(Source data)
========

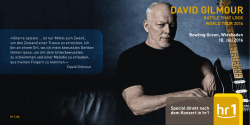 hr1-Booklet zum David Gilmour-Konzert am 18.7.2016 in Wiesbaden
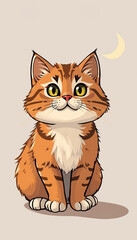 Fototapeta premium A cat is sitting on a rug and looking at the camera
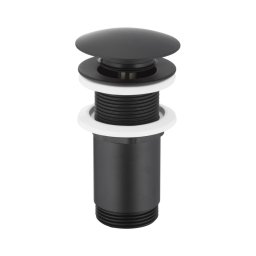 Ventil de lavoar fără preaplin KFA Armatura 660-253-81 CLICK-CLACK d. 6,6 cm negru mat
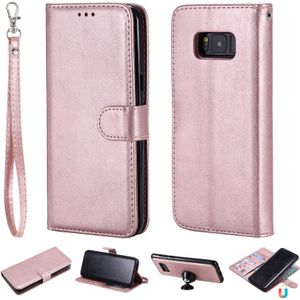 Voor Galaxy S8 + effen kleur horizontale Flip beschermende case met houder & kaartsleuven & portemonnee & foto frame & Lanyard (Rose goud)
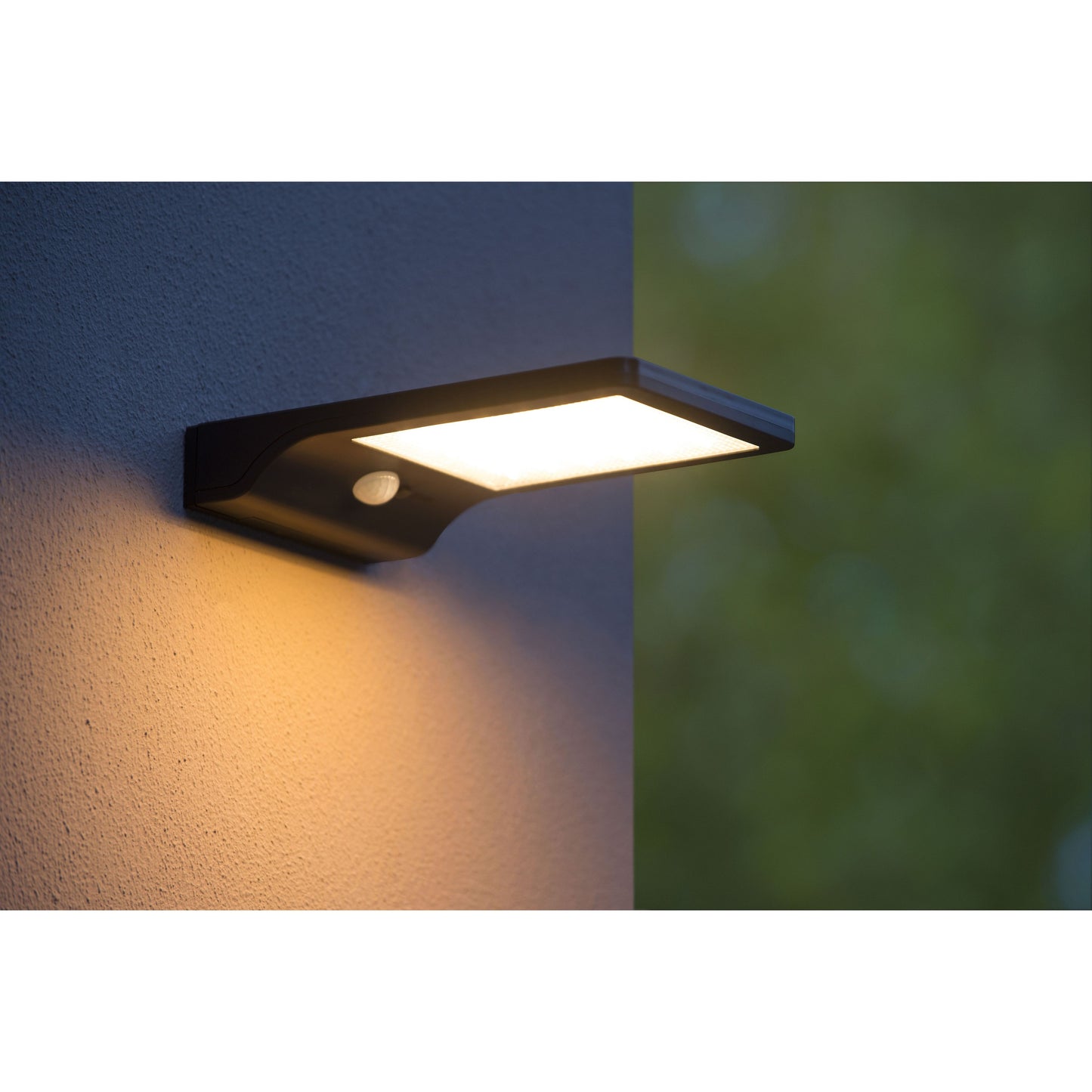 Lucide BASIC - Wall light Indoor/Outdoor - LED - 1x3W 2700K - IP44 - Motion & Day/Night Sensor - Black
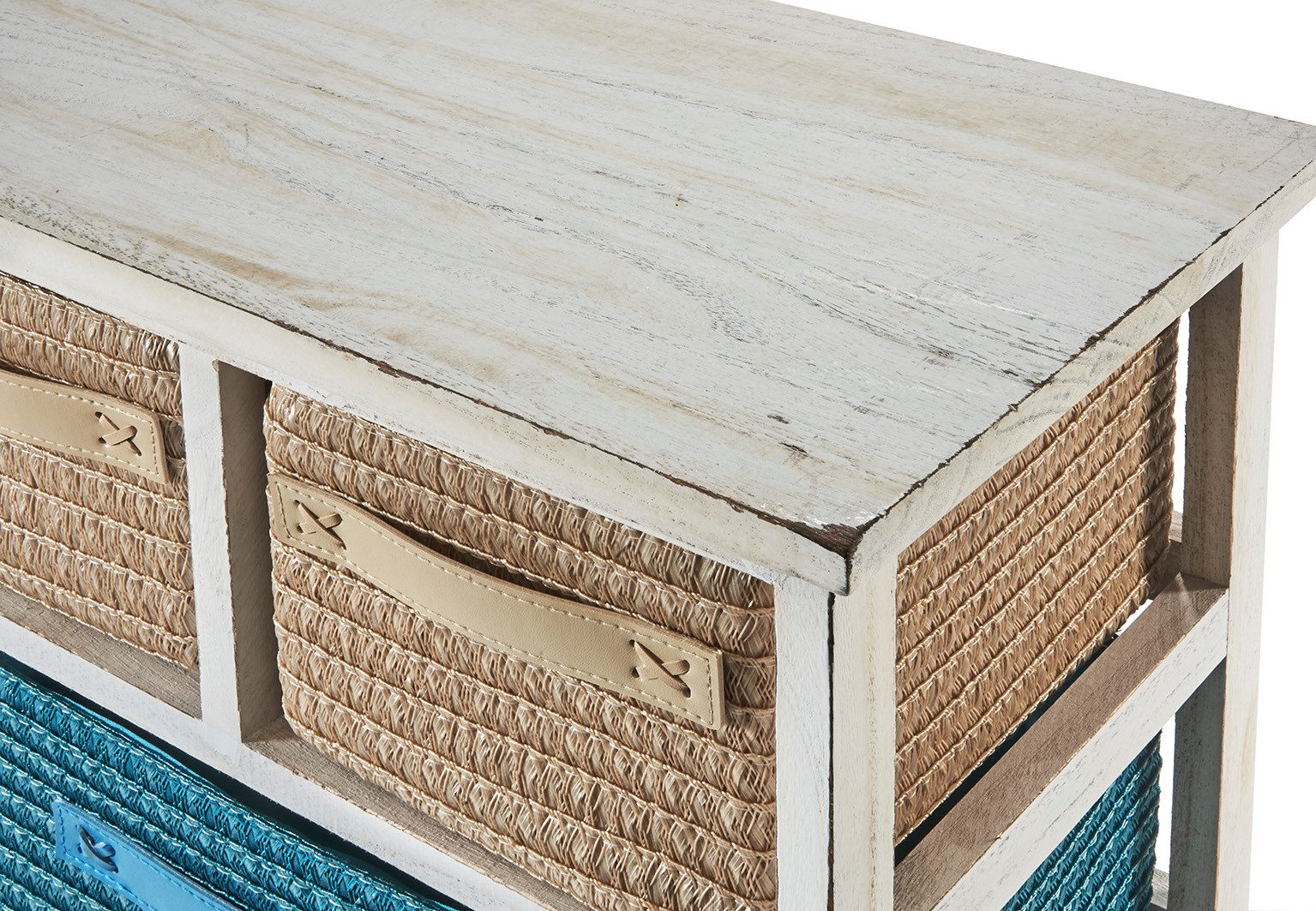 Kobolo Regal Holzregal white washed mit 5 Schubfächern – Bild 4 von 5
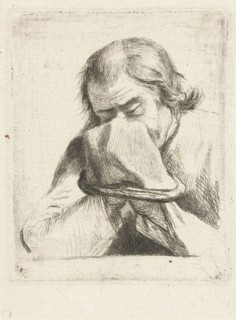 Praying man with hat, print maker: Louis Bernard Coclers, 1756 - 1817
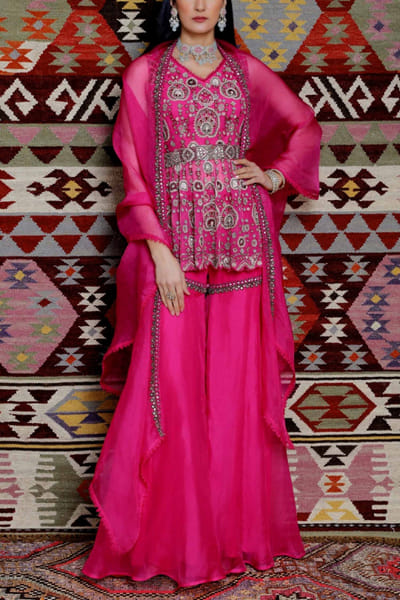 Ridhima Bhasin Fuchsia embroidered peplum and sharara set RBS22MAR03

========

• _YOUR GOAL_: Write out the lines from the line with "Fototapeta premium A" through the end of the records exactly; do not include pictures or any other lines.

• _RESPONSE AREA_:
 Fototapeta premium A cat is sitting on a rug and looking at the camera
 Ventil de lavoar fără preaplin KFA Armatura 660-253-81 CLICK-CLACK d. 6,6 cm negru mat
 Voor Galaxy S8 + effen kleur horizontale Flip beschermende case met houder & kaartsleuven & portemonnee & foto frame & Lanyard (Rose goud)
 Lucide BASIC - Wall light Indoor/Outdoor - LED - 1x3W 2700K - IP44 - Motion & Day/Night Sensor - Black
 Kobolo Regal Holzregal white washed mit 5 Schubfächern – Bild 4 von 5
 Praying man with hat, print maker: Louis Bernard Coclers, 1756 - 1817
 Ridhima Bhasin Fuchsia embroidered peplum and sharara set RBS22MAR03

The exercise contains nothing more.